The man was up on his hands and knees now, pawing inside his pocket. He brought out a cell phone just as Wade reached him. Wade slapped it from his hands, grabbed his head, pressed his knee against the man’s spine and yanked his head backward, toward him. Molly couldn’t hear the snap from where she sat, transfixed, but she could imagine it.

Wade didn’t stand around enjoying his kills, but hurried back to his car, slammed the door, and drove away. Molly ducked when he passed her, just in case. After he was gone, she found she couldn’t follow. Her legs vibrated from excitement; her back and sides were drenched with sweat. She wiped damp hair from her brow.

She sat like that, gripped by a bizarre, undeniable thrill, until she heard the first siren. As if that had released her, she started the Camry and drove off, leaving the fresh corpses alone in the night.

* * *

Wade woke up—that was the best way he could phrase it—while driving east on Interstate 10, in the right-hand lane, near the Zaragosa exit. He had no idea how long he had been driving—didn’t remember even leaving his hotel room—but the rental’s clock said it was 12:32. Fortunately traffic was light, and whatever had possessed him to go out sleep-driving, if there was such a thing, at least seemed to be in control of the car. It wasn’t until he jolted into consciousness that he swerved out of his lane. A speeding pickup blasted its horn and Wade snapped the car back into place.

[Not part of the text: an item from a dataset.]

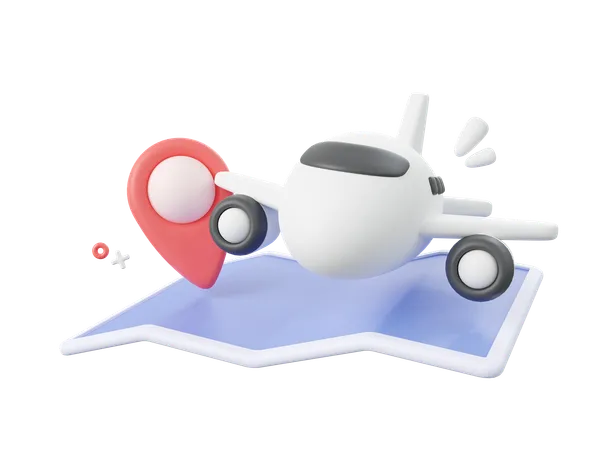 3 D Cartoon Design Illustration Of Airplane With Pins On Map 3D Icon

The rumble of his tires on the roadway spoke to him in words he could almost understand.

Hands trembling, he pulled off the highway, onto the frontage road, and into the first parking lot he came to. There he killed the engine and sat, his body quaking as adrenaline drained from him. He felt weak, nauseated.
What the hell was that about?
he wondered, resting his forehead on his knuckles.

A bolt of unexpected pain lanced through him. He yanked his head back, reached up, flipped on the dome light.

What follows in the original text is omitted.